EXERCISE: Please copy the lines below, exactly as they are, from the one with "When we say" through the one with "This 2018 Jayco", and leave out the pictures.

RECORDS PROVIDED:
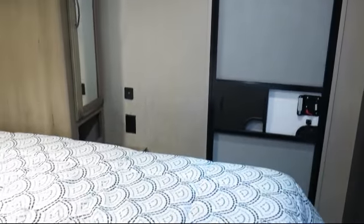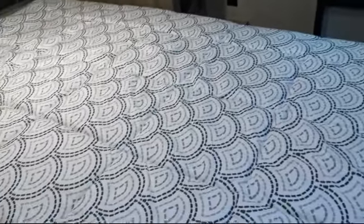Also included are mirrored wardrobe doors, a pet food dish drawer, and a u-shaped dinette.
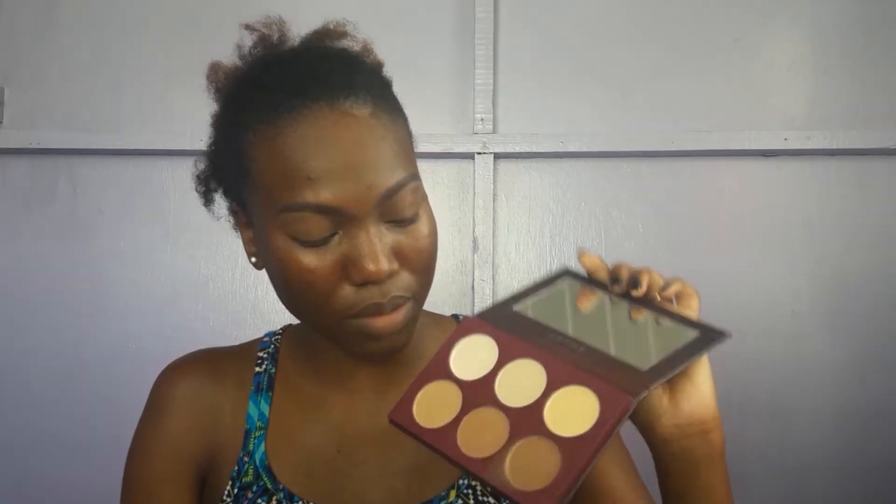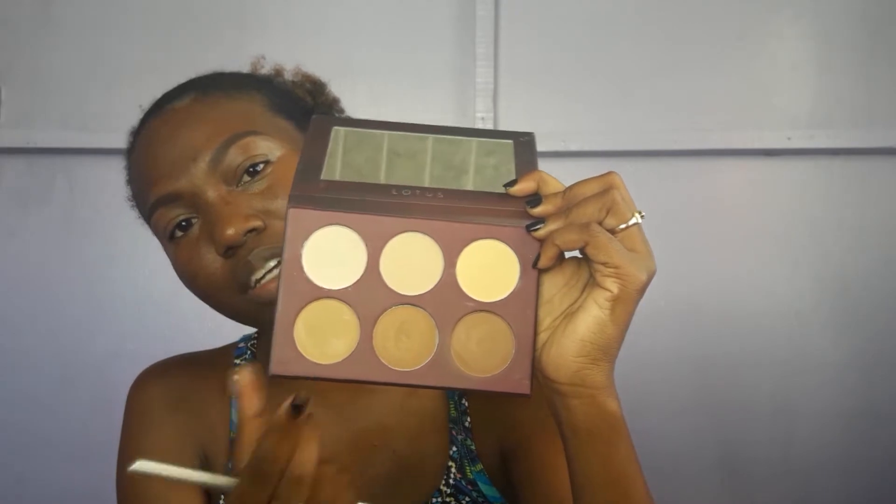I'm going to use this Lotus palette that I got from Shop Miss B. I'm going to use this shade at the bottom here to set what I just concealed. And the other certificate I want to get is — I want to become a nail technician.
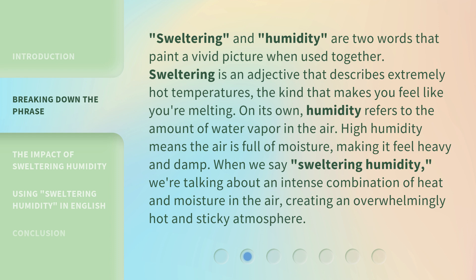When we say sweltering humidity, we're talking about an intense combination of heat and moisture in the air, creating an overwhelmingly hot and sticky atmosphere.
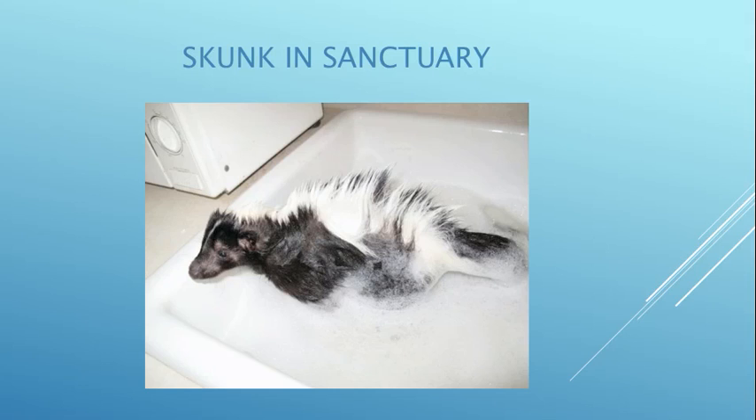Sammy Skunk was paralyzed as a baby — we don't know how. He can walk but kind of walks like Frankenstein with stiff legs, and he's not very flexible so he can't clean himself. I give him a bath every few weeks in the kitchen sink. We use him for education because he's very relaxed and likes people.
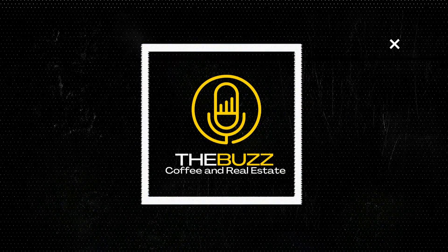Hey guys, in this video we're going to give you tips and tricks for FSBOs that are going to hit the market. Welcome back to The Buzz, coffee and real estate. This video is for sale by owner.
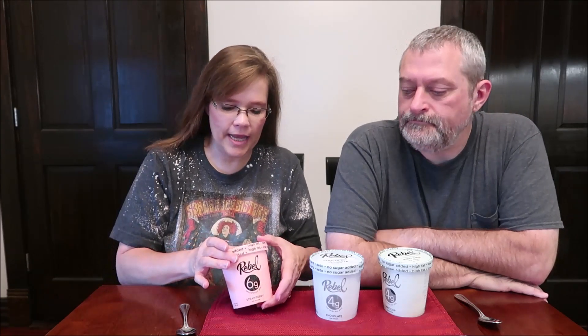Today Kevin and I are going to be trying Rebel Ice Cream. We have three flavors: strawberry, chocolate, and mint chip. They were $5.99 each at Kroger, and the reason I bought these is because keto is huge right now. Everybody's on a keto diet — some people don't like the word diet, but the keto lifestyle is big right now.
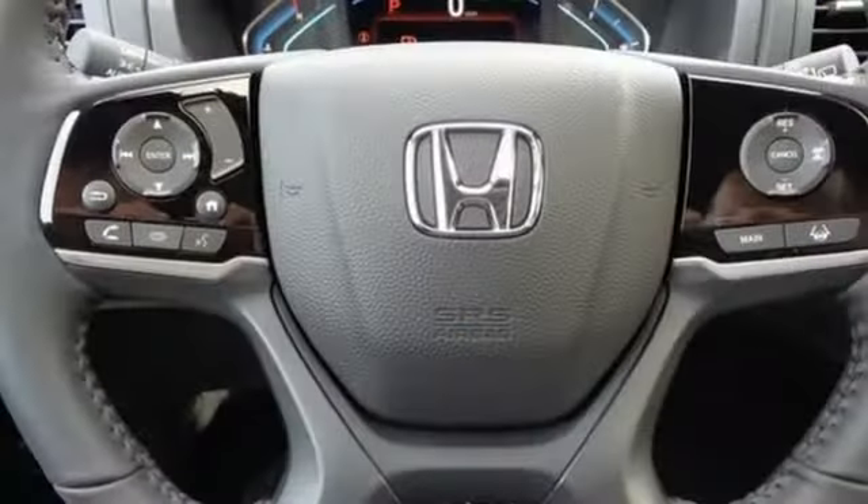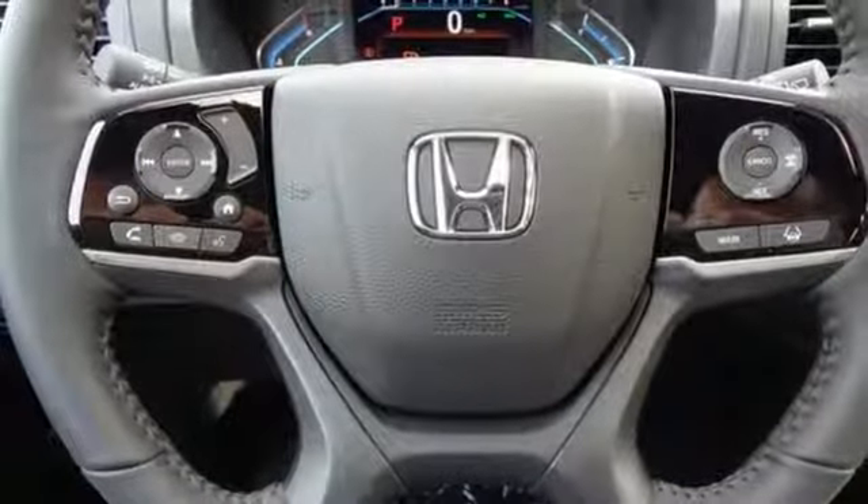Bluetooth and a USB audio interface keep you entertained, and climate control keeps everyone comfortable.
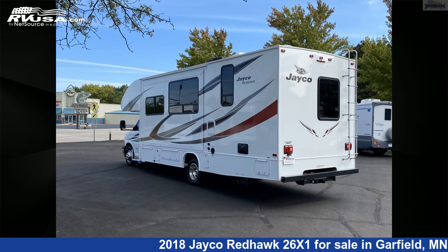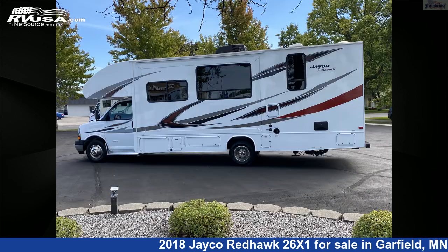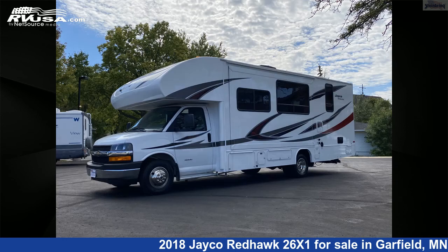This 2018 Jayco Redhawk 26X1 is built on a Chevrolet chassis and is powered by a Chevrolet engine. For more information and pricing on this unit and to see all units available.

---

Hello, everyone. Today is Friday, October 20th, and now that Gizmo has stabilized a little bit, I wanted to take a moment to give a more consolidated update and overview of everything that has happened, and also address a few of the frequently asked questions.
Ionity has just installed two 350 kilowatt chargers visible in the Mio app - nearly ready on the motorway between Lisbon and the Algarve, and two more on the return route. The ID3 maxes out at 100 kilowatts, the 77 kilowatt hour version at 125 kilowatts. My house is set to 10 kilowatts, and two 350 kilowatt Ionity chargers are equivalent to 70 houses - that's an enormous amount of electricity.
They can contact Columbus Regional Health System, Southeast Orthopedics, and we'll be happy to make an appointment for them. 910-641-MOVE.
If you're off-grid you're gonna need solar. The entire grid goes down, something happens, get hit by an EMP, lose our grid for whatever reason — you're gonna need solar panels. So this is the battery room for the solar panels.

FINISHED TASK:
When we say sweltering humidity, we're talking about an intense combination of heat and moisture in the air, creating an overwhelmingly hot and sticky atmosphere.
Sammy Skunk was paralyzed as a baby — we don't know how. He can walk but kind of walks like Frankenstein with stiff legs, and he's not very flexible so he can't clean himself. I give him a bath every few weeks in the kitchen sink. We use him for education because he's very relaxed and likes people.
Hey guys, in this video we're going to give you tips and tricks for FSBOs that are going to hit the market. Welcome back to The Buzz, coffee and real estate. This video is for sale by owner.
Today Kevin and I are going to be trying Rebel Ice Cream. We have three flavors: strawberry, chocolate, and mint chip. They were $5.99 each at Kroger, and the reason I bought these is because keto is huge right now. Everybody's on a keto diet — some people don't like the word diet, but the keto lifestyle is big right now.
Bluetooth and a USB audio interface keep you entertained, and climate control keeps everyone comfortable.
This 2018 Jayco Redhawk 26X1 is built on a Chevrolet chassis and is powered by a Chevrolet engine. For more information and pricing on this unit and to see all units available.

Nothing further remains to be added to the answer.